Dan Latendre, founder and chief executive officer of Igloo IncTim Fraser

Every week, we will seek out expert advice to help a small or medium-sized company overcome a key issue it is facing in its business.

Since 2008, Dan Latendre's business has been to help companies embrace the future of cloud-based communication.

However, he's finding that many big-company executives won't break out of the past.

The founder and chief executive officer of Igloo Inc., a 36-employee technology business based in Kitchener, Ont., that has developed software to help companies collaborate virtually, says many executives he's met with — especially in larger companies — aren't enthusiastic about adopting new technology.

"These people have done business one way for a very long time and they're not planning to change the way they do business any time soon," he says.

Most of the revenue he's generated – $1.6-million last year – has come from mid-sized companies, which, he says, are more open to new technologies.

He's now trying to market to larger businesses – the Global 1,000, as he calls them – but he's receiving pushback from many C-suite executives, who simply don't want to rock the boat with something new.

Besides being set in their ways, big-company executives express concern about security and costs, Mr. Latendre says, and can't be convinced that cloud computing is safe and, in the long-run, more cost effective than out-of-date technology.

He has tried to target some of the more open-minded people in these organizations, and has developed three separate pitches that speak to different stakeholders – departmental managers, IT staff and C-suite execs – but even so, he's still finding it difficult to break into big-league companies.
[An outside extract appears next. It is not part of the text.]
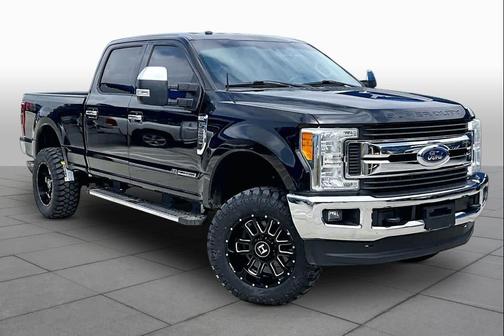 Shadow Black 2017 Ford F-250 XLT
"It's the fear of the unknown," he says. "They say, 'I've always done it this way, I know it works, why would I take the risk?'"

The Challenge: How can big-company executives be convinced to embrace new technology?


J.F. Potvin, Toronto-based human resources outsourcing sales executive with consulting firm Aon Hewitt

He needs to leverage his current book of business, especially if clients are in the same industry. Even if it's a smaller business, there's nothing better than a client speaking about services, because the prospect knows that person is not trying to sell anything. Our company would get existing clients to provide stories or allow us to use them as a case study. [References]speak volumes.

Get on the speaking circuit. There are many technology conferences that chief investment officers from big organizations attend. If you can spend an hour talking to 200 people, that's basically like having 100 meetings in one. To me, that's worth its weight in gold.

Laura Jones, Vancouver-based senior vice-president of research, economics and Western Canada at Canadian Federation of Independent Business

He needs to make sure he's influencing the tech-savvy people in the company. One way to target those people is to have meetings in a group, rather than one on one. A group increases your changes of having at least one person seeing the benefits of the product and going to bat for you. Once one person's head nods in a group, others will follow.

The people writing the cheques trust their internal team a lot more than an outsider. Get that internal team to recommend it and you have a much better chance of making the sale. But instead of just going to executives, bring the mid-level management team onside first. It's a more productive road.

Todd Jamieson, president and CEO of Ottawa-based technology company Envision Online Media Inc.

We've encountered these issues before and have found that convincing someone that a revenue stream is attached goes a long way. That may be more difficult for Igloo, because they're selling time-saving software, but they should point out how much money can be saved by doing things more efficiently.

We were working with a newspaper company that wanted to put all their newspapers online as PDFs. It was cheap to do, but it's an outdated way to do what they wanted. We had to convince them that spending money would be worth it and we explained how they can generate revenue from a website instead. We also tailored our service to their specific needs. We talked to people to find out the pain points and then we were able to go back to the executives and talk shop.


Get on the speaking circuit

There are many tech conferences; big company executives are often in attendance.

Find strength in numbers

Talk to small groups of tech-savvy managers; that increases the chances of getting at least one on board and convincing others.

Push the financial benefits

Many execs only care about the bottom line. Put the emphasis on the financial benefits to the company.